SUPPLIED DATA —
#####
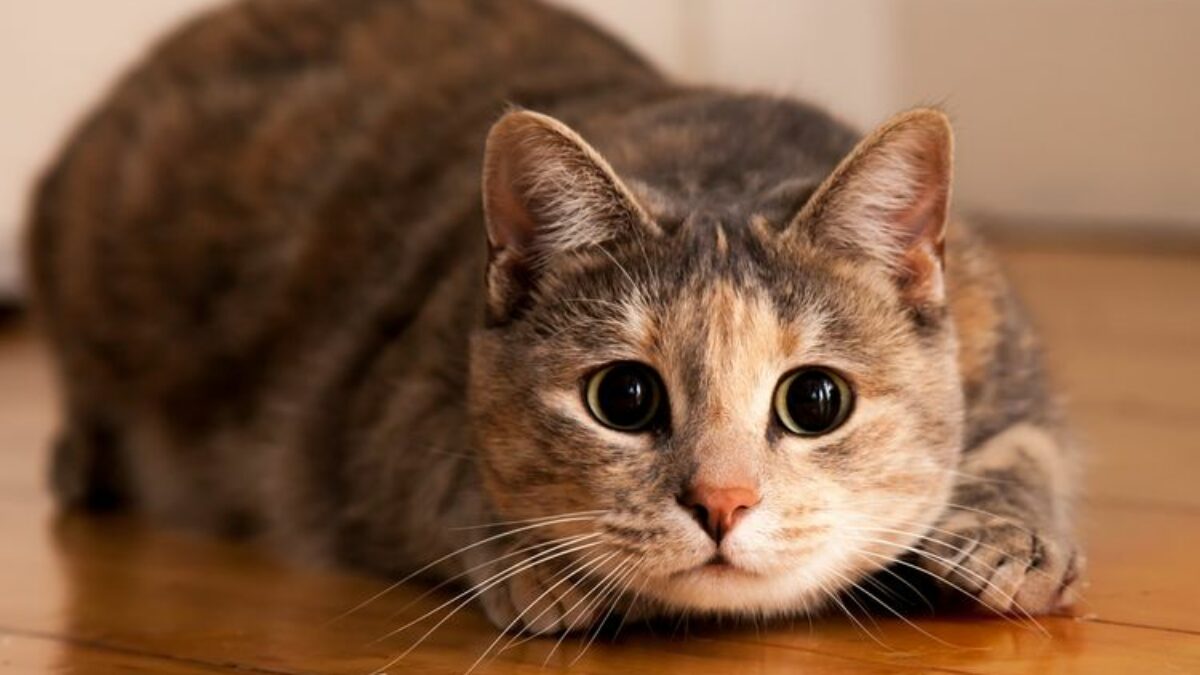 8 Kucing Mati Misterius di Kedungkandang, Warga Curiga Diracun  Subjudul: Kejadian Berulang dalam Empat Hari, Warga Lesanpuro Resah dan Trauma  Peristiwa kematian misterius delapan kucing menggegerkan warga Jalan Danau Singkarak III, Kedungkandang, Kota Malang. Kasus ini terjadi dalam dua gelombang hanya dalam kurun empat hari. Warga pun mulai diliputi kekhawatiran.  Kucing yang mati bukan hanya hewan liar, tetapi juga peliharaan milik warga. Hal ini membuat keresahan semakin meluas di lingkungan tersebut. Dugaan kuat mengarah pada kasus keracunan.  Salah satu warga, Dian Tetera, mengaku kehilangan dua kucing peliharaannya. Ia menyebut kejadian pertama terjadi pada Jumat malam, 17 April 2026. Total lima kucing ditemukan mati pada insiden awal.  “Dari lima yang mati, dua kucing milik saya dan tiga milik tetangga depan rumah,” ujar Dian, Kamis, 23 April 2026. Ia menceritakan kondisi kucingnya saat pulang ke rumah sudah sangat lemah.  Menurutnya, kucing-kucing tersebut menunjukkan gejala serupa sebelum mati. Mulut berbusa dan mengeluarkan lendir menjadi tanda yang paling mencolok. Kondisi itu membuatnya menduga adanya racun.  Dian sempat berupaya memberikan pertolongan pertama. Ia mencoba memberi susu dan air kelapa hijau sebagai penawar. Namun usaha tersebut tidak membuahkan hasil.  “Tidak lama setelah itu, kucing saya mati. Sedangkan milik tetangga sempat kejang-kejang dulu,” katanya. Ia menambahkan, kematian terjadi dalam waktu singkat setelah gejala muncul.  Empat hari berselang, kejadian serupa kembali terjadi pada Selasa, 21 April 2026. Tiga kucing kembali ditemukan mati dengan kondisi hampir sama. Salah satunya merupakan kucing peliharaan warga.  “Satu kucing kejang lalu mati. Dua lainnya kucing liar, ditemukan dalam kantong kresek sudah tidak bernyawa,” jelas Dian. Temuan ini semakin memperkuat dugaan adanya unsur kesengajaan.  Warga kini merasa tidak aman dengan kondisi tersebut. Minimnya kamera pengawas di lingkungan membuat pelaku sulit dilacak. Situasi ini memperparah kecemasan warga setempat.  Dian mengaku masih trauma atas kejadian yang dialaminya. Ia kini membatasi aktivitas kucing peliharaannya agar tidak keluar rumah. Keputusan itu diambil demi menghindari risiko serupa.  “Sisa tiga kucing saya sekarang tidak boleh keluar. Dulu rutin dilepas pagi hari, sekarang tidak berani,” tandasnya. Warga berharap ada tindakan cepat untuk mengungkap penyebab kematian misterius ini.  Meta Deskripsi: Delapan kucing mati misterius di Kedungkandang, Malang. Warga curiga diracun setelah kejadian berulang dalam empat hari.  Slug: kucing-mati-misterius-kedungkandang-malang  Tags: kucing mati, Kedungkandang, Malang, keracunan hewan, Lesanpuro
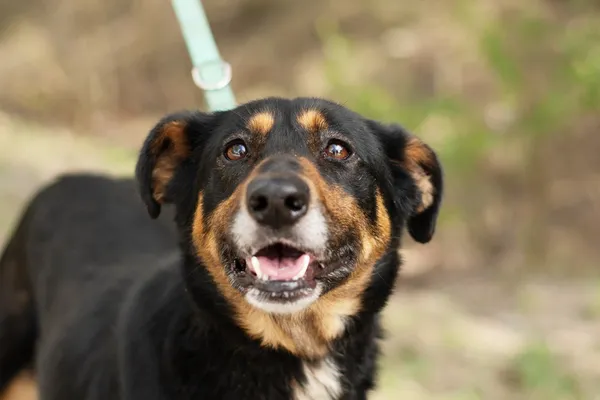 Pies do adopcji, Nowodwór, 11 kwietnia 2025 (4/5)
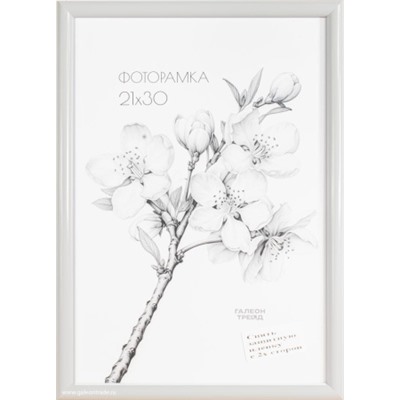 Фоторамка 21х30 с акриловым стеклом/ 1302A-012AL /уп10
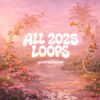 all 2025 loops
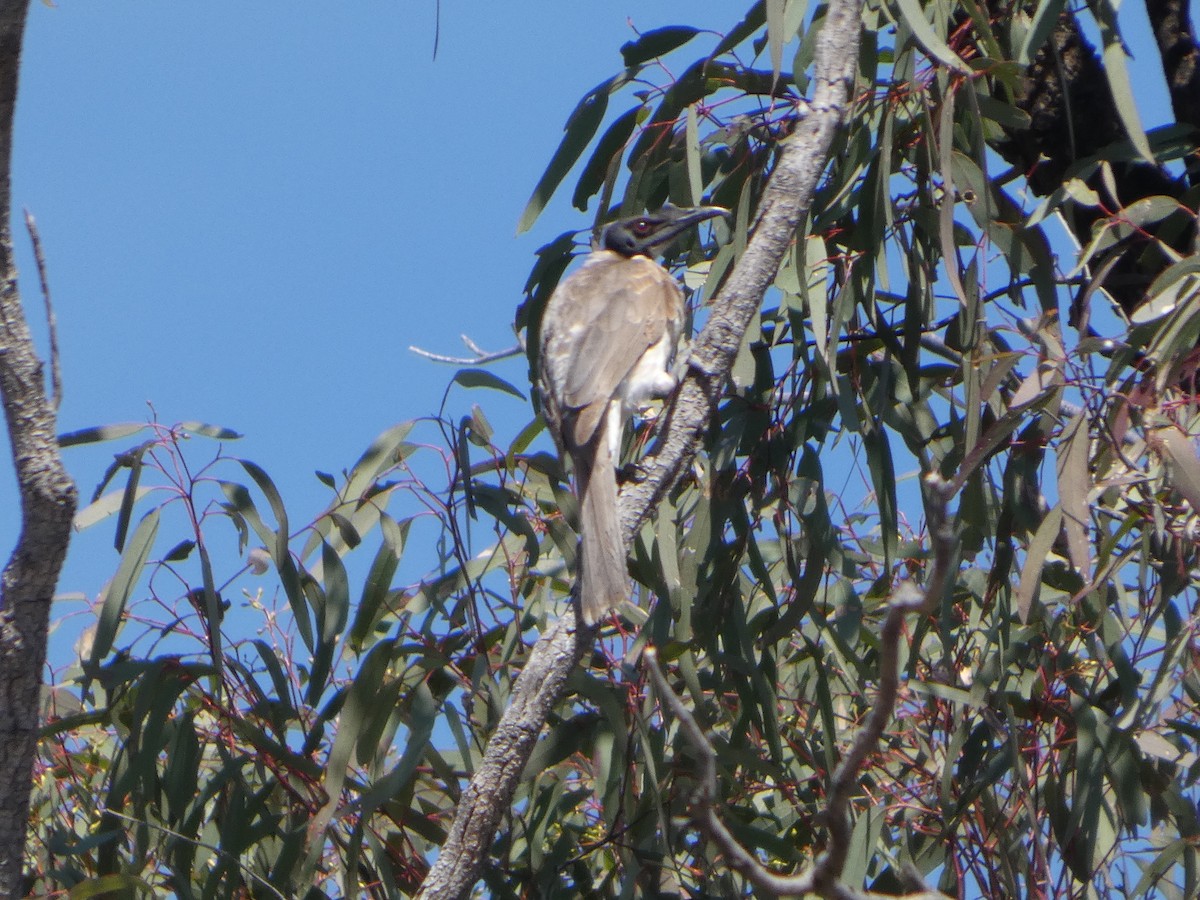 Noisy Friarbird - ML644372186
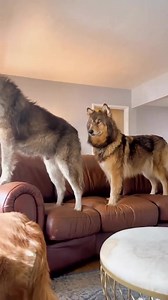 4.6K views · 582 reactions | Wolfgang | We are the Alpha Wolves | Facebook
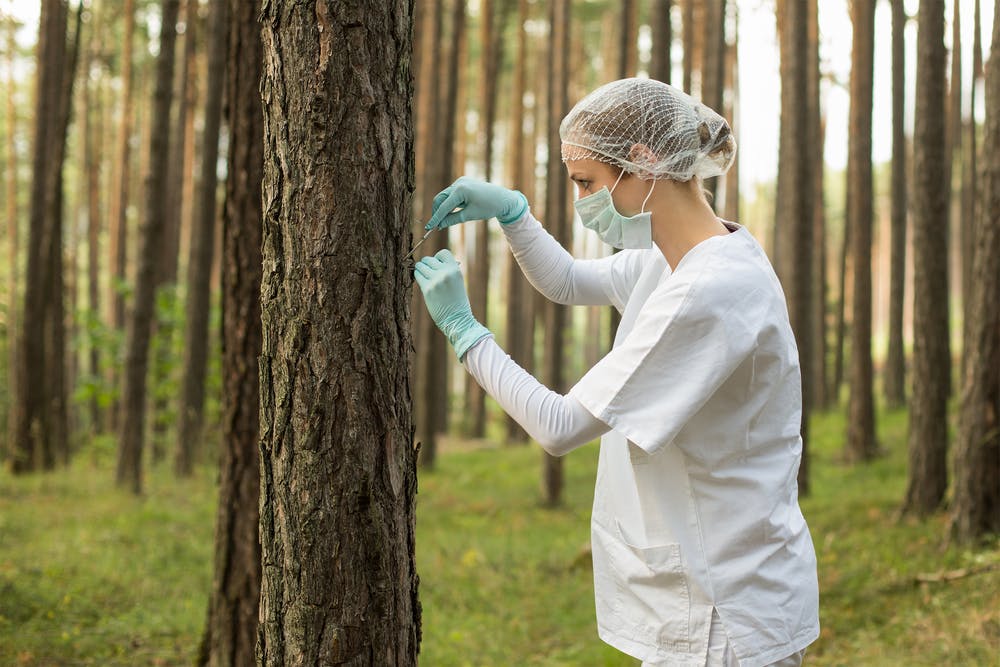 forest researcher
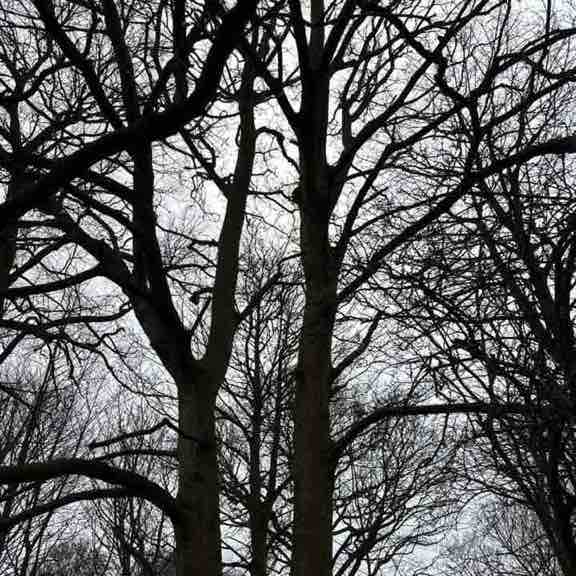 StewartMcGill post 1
#####
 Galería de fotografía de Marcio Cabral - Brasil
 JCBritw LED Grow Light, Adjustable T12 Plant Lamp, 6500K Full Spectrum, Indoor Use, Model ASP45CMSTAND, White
#####
ASSIGNMENT —
Repeat, word for word, the lines of the material above from the one holding "4.6K views ·" through the one holding "StewartMcGill post 1". Leave out pictures.

SOLUTION TO THE PROBLEM —
 4.6K views · 582 reactions | Wolfgang | We are the Alpha Wolves | Facebook
 forest researcher
 StewartMcGill post 1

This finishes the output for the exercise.